Adding Dell's request for 5.5-z and RHEl5.6 fix. Dell would be testing the fix.
We are also seeing this issue with a Dell MD3000i using their delivered MPP multi-path drivers. The patch above using the find variation fixed the problem. It seems to me that these _netdev, non root, iSCSI devices SHOULD be removed before network is stopped. The following in /etc/init.d/iscsi is what is causing the iscsi scripts to not remove the devices. # If this is a final shutdown/halt, do nothing since # lvm/dm, md, power path, etc do not always handle this if [ "$RUNLEVEL" = "6" -o "$RUNLEVEL" = "0" -o "$RUNLEVEL" = "1" ]; then success return fi Which script should be monitoring these network dependent devices?
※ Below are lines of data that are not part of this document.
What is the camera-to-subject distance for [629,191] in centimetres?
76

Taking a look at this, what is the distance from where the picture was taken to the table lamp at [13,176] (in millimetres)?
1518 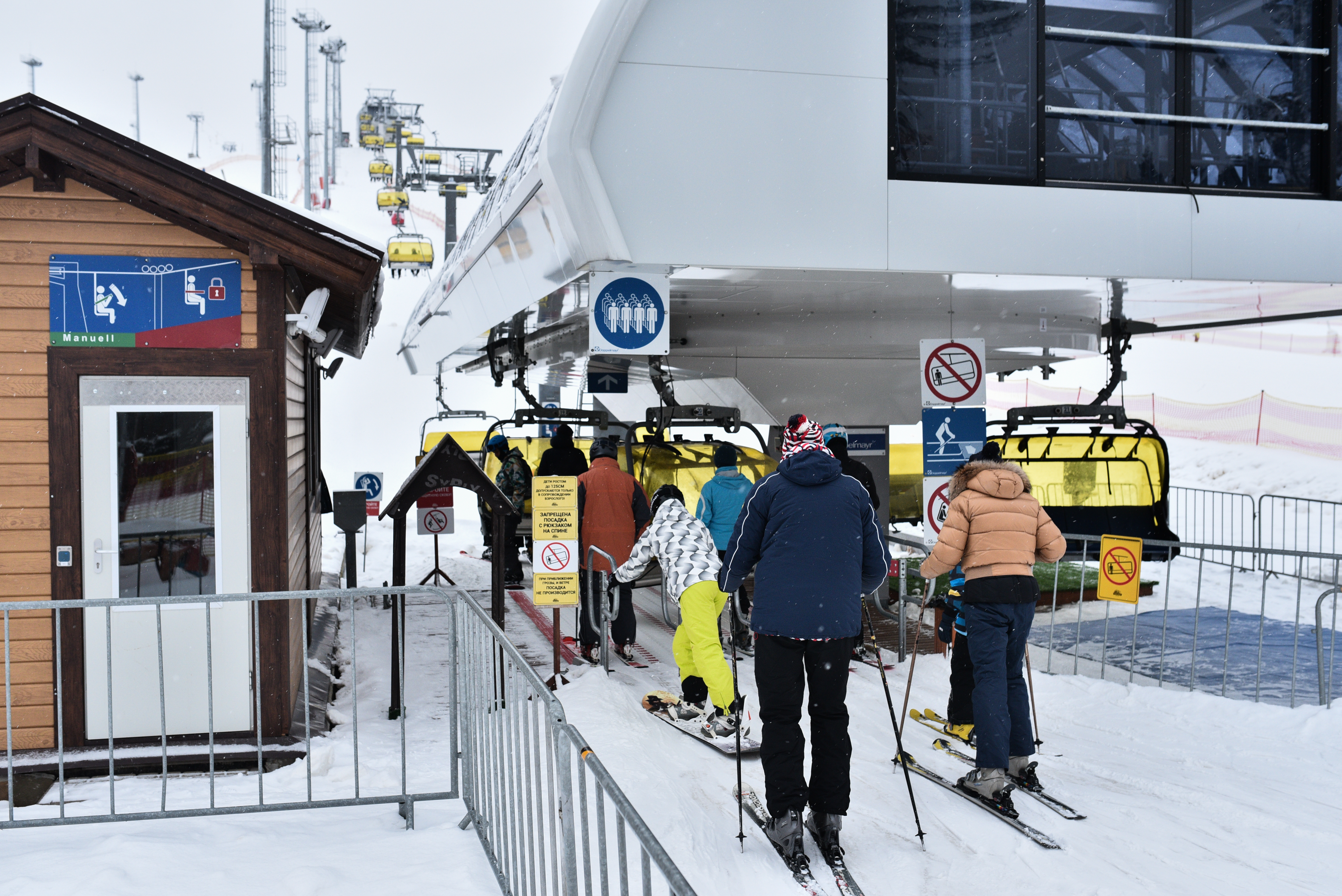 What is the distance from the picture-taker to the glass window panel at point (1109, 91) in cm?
725

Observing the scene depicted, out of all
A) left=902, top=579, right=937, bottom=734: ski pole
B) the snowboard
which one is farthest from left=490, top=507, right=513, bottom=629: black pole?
left=902, top=579, right=937, bottom=734: ski pole

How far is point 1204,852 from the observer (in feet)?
15.2

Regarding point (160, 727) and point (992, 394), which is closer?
point (160, 727)

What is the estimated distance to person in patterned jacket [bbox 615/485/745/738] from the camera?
5.97m

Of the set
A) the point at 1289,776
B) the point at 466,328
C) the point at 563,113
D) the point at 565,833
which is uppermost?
the point at 563,113

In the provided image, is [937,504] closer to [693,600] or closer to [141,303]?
[693,600]

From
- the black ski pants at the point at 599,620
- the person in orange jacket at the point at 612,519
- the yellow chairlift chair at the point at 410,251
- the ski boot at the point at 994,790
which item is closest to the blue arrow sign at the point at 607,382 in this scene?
the person in orange jacket at the point at 612,519

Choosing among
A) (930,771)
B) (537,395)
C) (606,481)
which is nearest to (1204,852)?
(930,771)

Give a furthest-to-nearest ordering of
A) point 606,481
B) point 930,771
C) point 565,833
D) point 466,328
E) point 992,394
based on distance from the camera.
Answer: point 992,394, point 466,328, point 606,481, point 930,771, point 565,833

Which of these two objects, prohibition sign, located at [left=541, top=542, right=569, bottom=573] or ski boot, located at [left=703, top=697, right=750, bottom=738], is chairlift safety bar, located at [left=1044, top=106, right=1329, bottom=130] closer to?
prohibition sign, located at [left=541, top=542, right=569, bottom=573]

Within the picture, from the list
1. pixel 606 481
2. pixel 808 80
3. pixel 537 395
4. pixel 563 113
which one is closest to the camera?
pixel 563 113

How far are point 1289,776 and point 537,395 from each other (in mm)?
24299

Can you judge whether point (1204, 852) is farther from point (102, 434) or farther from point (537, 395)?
point (537, 395)

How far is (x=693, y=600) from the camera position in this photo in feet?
19.8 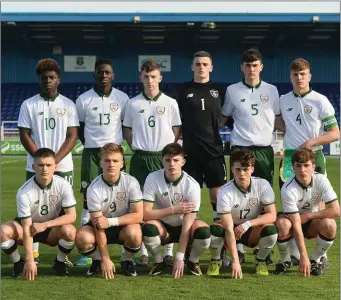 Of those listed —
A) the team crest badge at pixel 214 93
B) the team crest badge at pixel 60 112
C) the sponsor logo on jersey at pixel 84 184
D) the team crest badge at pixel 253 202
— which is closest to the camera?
the team crest badge at pixel 253 202

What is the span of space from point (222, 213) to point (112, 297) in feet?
3.98

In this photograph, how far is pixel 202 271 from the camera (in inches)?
205

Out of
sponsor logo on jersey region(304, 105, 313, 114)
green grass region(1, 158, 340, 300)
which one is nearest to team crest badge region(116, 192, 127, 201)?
green grass region(1, 158, 340, 300)

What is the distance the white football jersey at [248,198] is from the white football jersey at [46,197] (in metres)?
1.30

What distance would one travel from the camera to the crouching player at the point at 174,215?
497cm

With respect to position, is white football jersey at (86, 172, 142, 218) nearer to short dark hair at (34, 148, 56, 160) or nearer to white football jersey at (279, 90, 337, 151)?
short dark hair at (34, 148, 56, 160)

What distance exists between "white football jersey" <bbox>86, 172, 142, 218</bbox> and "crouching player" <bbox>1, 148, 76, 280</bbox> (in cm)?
20

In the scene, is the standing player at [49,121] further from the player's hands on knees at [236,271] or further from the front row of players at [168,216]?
the player's hands on knees at [236,271]

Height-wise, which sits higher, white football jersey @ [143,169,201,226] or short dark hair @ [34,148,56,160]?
short dark hair @ [34,148,56,160]

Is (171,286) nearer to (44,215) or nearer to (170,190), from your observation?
(170,190)

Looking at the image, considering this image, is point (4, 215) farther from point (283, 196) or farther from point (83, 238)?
point (283, 196)

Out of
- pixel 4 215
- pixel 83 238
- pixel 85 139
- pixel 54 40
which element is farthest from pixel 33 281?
pixel 54 40

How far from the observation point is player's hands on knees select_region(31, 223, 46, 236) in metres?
4.86

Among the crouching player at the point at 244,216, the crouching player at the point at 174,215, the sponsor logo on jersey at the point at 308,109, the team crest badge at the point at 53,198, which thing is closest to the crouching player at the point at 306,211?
the crouching player at the point at 244,216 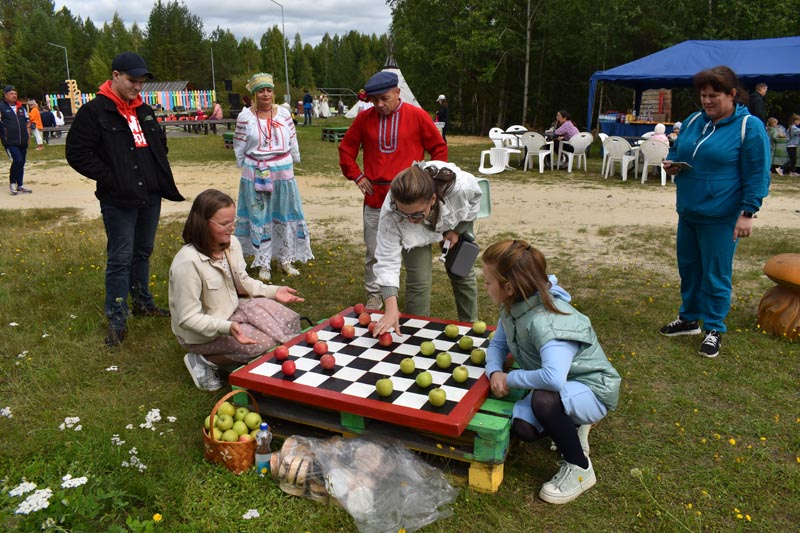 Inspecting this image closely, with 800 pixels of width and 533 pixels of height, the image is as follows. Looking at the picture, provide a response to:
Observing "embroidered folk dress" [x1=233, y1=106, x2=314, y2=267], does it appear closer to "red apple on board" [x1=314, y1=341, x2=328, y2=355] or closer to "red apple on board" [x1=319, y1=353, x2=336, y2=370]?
"red apple on board" [x1=314, y1=341, x2=328, y2=355]

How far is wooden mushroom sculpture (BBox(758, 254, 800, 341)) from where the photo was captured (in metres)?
4.49

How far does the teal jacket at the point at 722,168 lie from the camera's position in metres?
3.94

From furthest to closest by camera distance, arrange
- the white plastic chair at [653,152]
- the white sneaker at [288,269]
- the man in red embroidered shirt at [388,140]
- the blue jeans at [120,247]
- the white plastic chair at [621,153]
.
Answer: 1. the white plastic chair at [621,153]
2. the white plastic chair at [653,152]
3. the white sneaker at [288,269]
4. the man in red embroidered shirt at [388,140]
5. the blue jeans at [120,247]

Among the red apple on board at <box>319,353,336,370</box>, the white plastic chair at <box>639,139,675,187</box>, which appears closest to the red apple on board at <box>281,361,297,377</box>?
the red apple on board at <box>319,353,336,370</box>

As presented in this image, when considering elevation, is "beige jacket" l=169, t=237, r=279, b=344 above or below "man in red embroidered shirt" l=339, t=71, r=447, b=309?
below

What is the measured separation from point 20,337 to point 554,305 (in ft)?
13.5

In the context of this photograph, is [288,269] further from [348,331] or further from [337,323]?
[348,331]

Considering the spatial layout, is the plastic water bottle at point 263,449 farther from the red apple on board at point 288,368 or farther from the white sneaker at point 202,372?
the white sneaker at point 202,372

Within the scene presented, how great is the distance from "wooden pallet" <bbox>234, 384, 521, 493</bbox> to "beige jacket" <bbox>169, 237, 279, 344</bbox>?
530 millimetres

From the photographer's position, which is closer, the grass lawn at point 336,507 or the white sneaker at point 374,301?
the grass lawn at point 336,507

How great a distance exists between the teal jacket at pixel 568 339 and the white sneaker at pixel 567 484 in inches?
13.5

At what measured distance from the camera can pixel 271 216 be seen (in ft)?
20.2

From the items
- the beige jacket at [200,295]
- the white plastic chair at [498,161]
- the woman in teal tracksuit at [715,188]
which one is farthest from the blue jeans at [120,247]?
the white plastic chair at [498,161]

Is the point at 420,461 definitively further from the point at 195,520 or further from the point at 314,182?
the point at 314,182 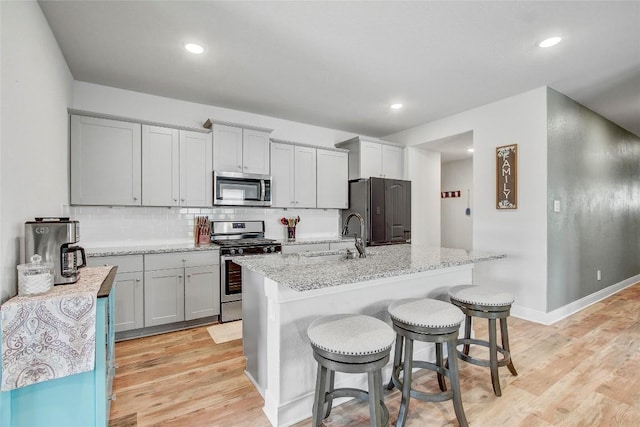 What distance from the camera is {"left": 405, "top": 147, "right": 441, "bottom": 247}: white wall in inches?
195

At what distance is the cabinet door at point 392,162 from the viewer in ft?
15.6

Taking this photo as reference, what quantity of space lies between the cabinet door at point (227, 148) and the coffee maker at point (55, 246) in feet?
6.83

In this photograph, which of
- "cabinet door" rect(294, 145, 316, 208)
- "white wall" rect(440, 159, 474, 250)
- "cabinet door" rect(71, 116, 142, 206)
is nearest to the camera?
"cabinet door" rect(71, 116, 142, 206)

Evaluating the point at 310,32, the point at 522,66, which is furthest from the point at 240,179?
the point at 522,66

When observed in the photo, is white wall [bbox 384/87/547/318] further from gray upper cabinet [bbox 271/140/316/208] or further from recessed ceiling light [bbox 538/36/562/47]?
gray upper cabinet [bbox 271/140/316/208]

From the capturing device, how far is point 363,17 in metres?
2.15

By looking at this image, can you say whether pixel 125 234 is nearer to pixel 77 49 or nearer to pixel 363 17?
pixel 77 49

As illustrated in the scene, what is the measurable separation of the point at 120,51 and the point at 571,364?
4.55 meters

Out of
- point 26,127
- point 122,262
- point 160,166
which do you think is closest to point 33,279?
point 26,127

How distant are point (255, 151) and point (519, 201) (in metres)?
3.22

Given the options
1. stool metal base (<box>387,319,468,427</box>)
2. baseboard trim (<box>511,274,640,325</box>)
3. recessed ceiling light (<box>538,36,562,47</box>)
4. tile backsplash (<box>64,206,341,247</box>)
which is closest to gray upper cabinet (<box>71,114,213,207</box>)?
tile backsplash (<box>64,206,341,247</box>)

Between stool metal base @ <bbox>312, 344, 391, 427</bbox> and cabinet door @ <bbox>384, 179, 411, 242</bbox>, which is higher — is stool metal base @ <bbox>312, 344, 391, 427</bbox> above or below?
below

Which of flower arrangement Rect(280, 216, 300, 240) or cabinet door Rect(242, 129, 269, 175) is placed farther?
flower arrangement Rect(280, 216, 300, 240)

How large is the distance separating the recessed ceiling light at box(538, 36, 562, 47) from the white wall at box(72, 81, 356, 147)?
9.92ft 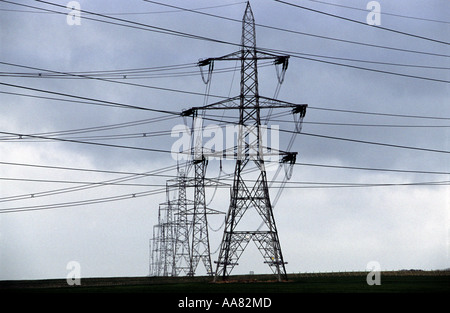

Not sure. Should we just leave network up until the plug is pulled? Thanks for all the info! If there is anything I can do, or any information I can provide, please let me know. -Chris
Created attachment 449573 [details] Don't turn of net on shutdown if iscsi is running This combines the patch from comment #10 with the comment from #15. initscript devs, is this patch ok? The previous fix I tried in this bz is not working when the initscripts are installed before iscsi.
Given that we silently exit regardless of the runlevel if root is on a network block device, not sure why we'd test the runlevel here. But it's a reasonable fix.
I've tried patch from comment 38, and it's work very well on reboot (I used shutdown -r now). I've just patched my /etc/init.d/network and reboot my host.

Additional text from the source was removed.